Of course, you may recall the next moment, when the girl's hand slips free from Stallone's grip, and she plunges down horrifically to her death, torturing the morbid imaginations of audiences with her blood-curdling scream.
The girl's character in the film died; the stunt people who provided all the riveting, edge of your seat action for the scene did not.
Of course, most of that particular scene was filmed using green-screen special effects; but stunt people were indeed there, breathing all the real live-action into that film's scene and others; including a scene that is often regarded as the most expensive aerial stunt in film history, later on in the movie.
It's that real live action that many directors favour over CGI, even in today's digitally enhanced driven film world, because the difference really can be felt by the audience.
As The Amazing Spiderman stunt co-ordinator Andy Armstrong told Entertainment Weekly: "Because there’s something beautiful about seeing something that really is real. Even if you’ve never done that activity, there’s something in the human eye and mind that can spot a real human doing something.”
For the stunt people who work everyday to provide that feeling, everyday could be their last. What drives stuntmen to risk their necks everyday, just to provide stellar entertainment for popcorn munching movie-goers the world over?
Is it the money? Is it the adrenaline rush? Is it because they're damaged, like Mel Gibson's cop character Riggs in Lethal Weapon, and enjoy gambling with their lives? It's probably any combination of the three.
Whatever it is, these daredevils seem to be seriously underrated and under-recognized for the service that they provide, all in the name of entertainment.
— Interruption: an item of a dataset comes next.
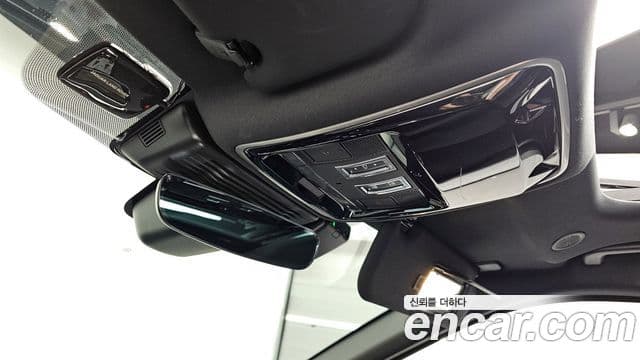 Land Rover Range Rover Velar 2023 — ფოტო 16/20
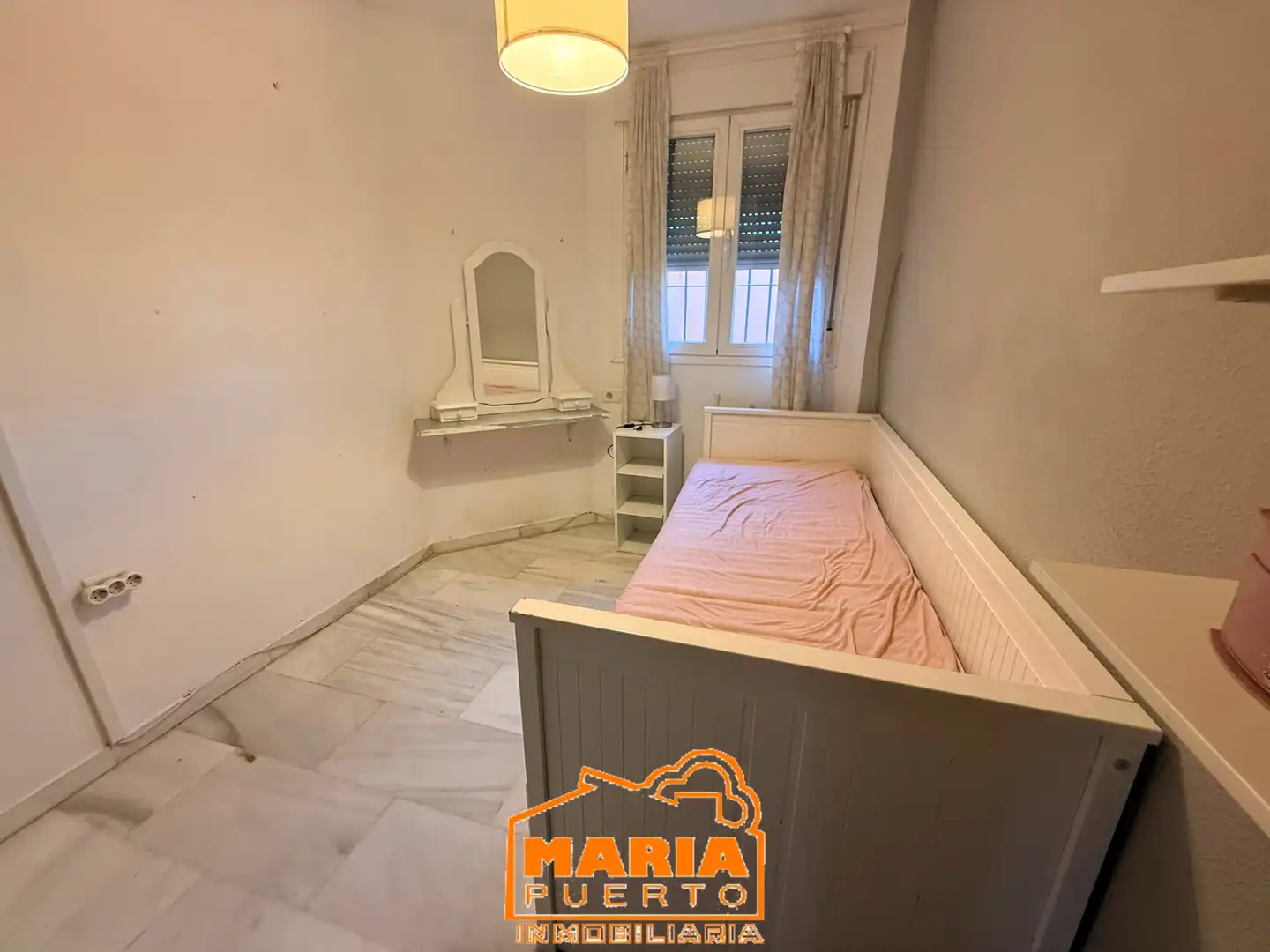 Habitación de Piso en venta en Málaga con Terraza y Trastero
Actor Jason Statham has actually campaigned to give them their own Oscar category, recognizing the dangers and skill involved through his insistence on performing all of his own film stunts. There are other actors out there who have also famously insisted on doing their own stunts, where possible; Tom Cruise, and Daniel Craig to name just a couple.
When it comes to the unbelievably death defying stunts, however, that only a madman would perform--that's usually when they call in the pros.
You can usually tell which scenes are filmed in front of a green screen, and which ones are the real thing, thanks to these skilled stuntmen. It's those real scenes that tend to provide a film with cinematic brilliance; often becoming legendary movie moments that stay lodged in people's minds forever.
Those movie-magic moments don't come for free. Some of the stunts these artists have performed are simply mind boggling, and have required some serious bankroll to achieve.
These are ten of the most elaborate, and most expensive stunts ever performed in film history.
10 Cliffhanger, aerial rope stunt
Back to Cliffhanger, a 1993 film absolutely chock-full of scenes that required stunt assistance. The most elaborate of them all, and classed by the Guinness Book of World Records as the most expensive aerial stunt ever in film history, had fearless British stuntman Simon Crane climbing a rope between two moving airplanes at 15,000 feet-- without a safety harness.
The stunt was so dangerous to execute that the film's own insurance group reportedly refused to insure Crane for the scene. Logistics of the scene involved aerial perfection; if the planes did not maintain a synchronized speed of exactly 150mph, the big DC-9 could have stalled, with disastrous effect; if the planes were going any faster, the wind force would probably tear Crane's body to pieces.
Extreme cold, and a lack of oxygen added extra hurdles for Crane to endure. Sylvester Stallone, who starred in and co-wrote the big budget movie, reportedly bankrolled the mechanics of the scene and Crane's paycheque to take the enormous risk-- for a whopping total of a million dollars.
All of the effort and death-defying stunts that went into the making of the film clearly paid off; Cliffhanger was a critically acclaimed success that made $250 million at the box office worldwide, earning three Academy Award nominations for Best Sound, Best Sound Effects Editing, and Best Visual Effects.
9 James Bond: The Spy Who Loved me, parachute ski jump
The stunning opening sequence in The Spy Who Loved Me (1977) has Roger Moore's James Bond fleeing the baddies on skis, eventually jumping off an extreme mountainside to finalize his escape, sailing down with a Union-Jack parachute to the delight of movie audiences.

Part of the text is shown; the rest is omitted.